About Varapp

What is Varapp ?

Varapp is an application to filter genetic variants, with a reactive graphical user interface.

The application has been developed in a collaboration between the Swiss Institute of Bioinformatics (SIB) and the Lausanne University hospital (CHUV).

Although it can be used as a desktop app, it is meant to be deployed as a web service for a research group.

Main window

Motivation

Common filtering pipelines can be very tedious, including an annotation step, complicated forms, multiple exports to spreadsheets, merging and manual curation of theses spreadsheets. Although there already exist several tools to facilitate the annotation of lists of variants and apply basic filters such as frequency in a population, quality or location, Varapp has at least one of the following advantages over existing software:

  • Security: It does not require to upload data to a cloud or external client; one can deploy the app on any local computer and keep the data private.
  • Fast, non-trivial filtering based on family pedigree, including complex cases such as compound heterozygous, in less than a second for 500K variants.
  • Reproducibility: It uses a relational database, adding the potential to cross information between experiments, reuse the results of previously studied data, and keep track of the annotation/versions used to produce the results.
  • Reactive user interface: Apply a filter and see the result immediately.
  • Easy sharing of the results: send a URL to a colleague, and he sees the current state of your analysis just as you do.

Use cases

Varapp is typically well-suited to cover the following two use cases, the result of which is obtained within a few seconds:

  • Mendelian diseases

    We consider all variants of one family and search for the variants that are susceptible to cause an hereditary disease. Varapp provides one-click filters for dominant, recessive, de novo, X-linked, and compound heterozygous cases.

  • Gene panels

    We consider the same few genes (typically a few hundred) in a large series of independent individuals. We seek rare variants with strong impact, then inspect the individual(s) that carry them.

Varapp is not...

  • a variants caller:

    It starts after the variant calling, and uses multi-sample VCF files generated by variant callers (e.g. GATK).
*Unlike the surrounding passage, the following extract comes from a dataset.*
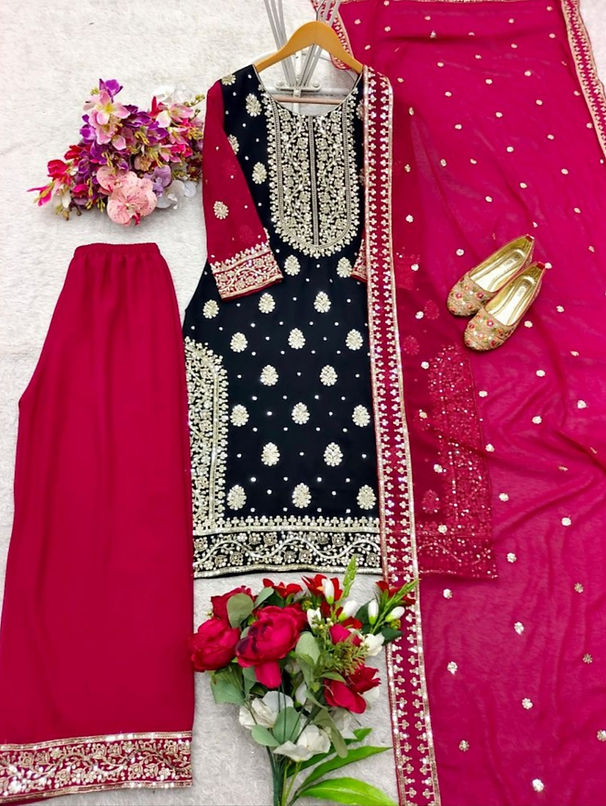 Georgette Sequin Palazzo Set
  • a variants annotation tool:

    We rely on Gemini and VEP to annotate the input VCF. No data is added or modified afterwards.

  • adapted to whole genome sequencing, or to thousands of samples:

    For the moment, the app is responsive with datasets up to 500‘000 variants and a few hundred individuals. Performance issues are expected with larger datasets. For exome sequencing on large cohorts, we recommend to split the dataset in batches of 100-200 samples.

How can I try it?

One public, demo version of the program is available at https://varapp-demo.vital-it.ch .

Note

This version runs or minimal hardware, thus its performance is not comparable to a real production setup.
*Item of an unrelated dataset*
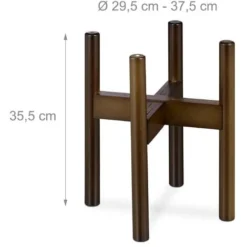 Relaxdays Support De Plantes, En Bambou En Set De 2, Pour Pots De Fleurs Jusqu'à 32 Cm Ø, Réglable & Empilable, Brun -Promos Jardin Noble Magasin 56387733 4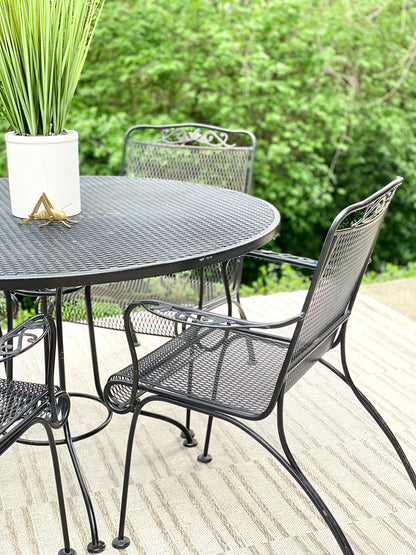 Vintage Woodard Style Black Iron Outdoor Patio Set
Log in as user “demo” with password “demo”. You will be granted access to a variants database “demo”. Try the following standard filters:

  • Recessive scenario
  • 1% frequencies in 1000 Genomes, ESP and EXAC
  • Quality filter: PASS (VQSR)
  • HIGH/MED impact

You should retreive a single variant on gene TBC1D7 that has been published in Hum Mutat. 2014 Apr;35(4):447-51.

Note

Prior to making it public, this dataset has been anonymized and obfuscated. Parents variant data was generated by random shuffling variants from several independent exome datasets. Children variant data was derived from the shuffled parents data. The TBC1D7 pathogenic variant was then added following recessive pattern of inheritance.
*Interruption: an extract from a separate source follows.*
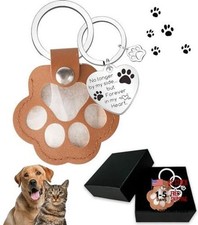 2Pcs Pet Hair Storage Keychain, Pet paw shaped leather keychain, Pet Memorial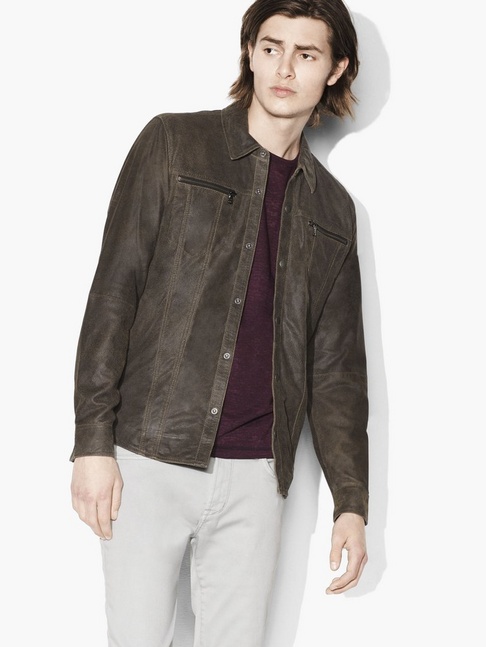John Varvatos Waxed Leather Shirt Jacket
A second, public dataset “hapmap” of 170K variants is available (source: HapMap). Switch to it using the database selection button in the top right corner. Try double-clicking a variant to view the read alignment that is at the origin of the call. (To save disk space, only alignments on the first 3M bp of chromosome 1 are available).

If you liked it, we encourage you to deploy an instance at your own lab and share the experience.

Reference

Please add this reference to your publication if Varapp helped you in your research: http://biorxiv.org/content/early/2016/06/27/060806.

doi: http://dx.doi.org/10.1101/060806

Contributing

The source code is available in Github. Bug reports, suggestions, contributions and comments are all welcome.

Future plans

These are the new features that we are either working on now or would like to add progressively to the program.

  • Get rid of VEP for the annotation.
  • View local alignments in a viewer similar to IGV.
  • Easy installer.
  • Scale up to full genome.
  • More flexibility with the annotation.
  • Calculate variants frequencies across several databases of one user/group.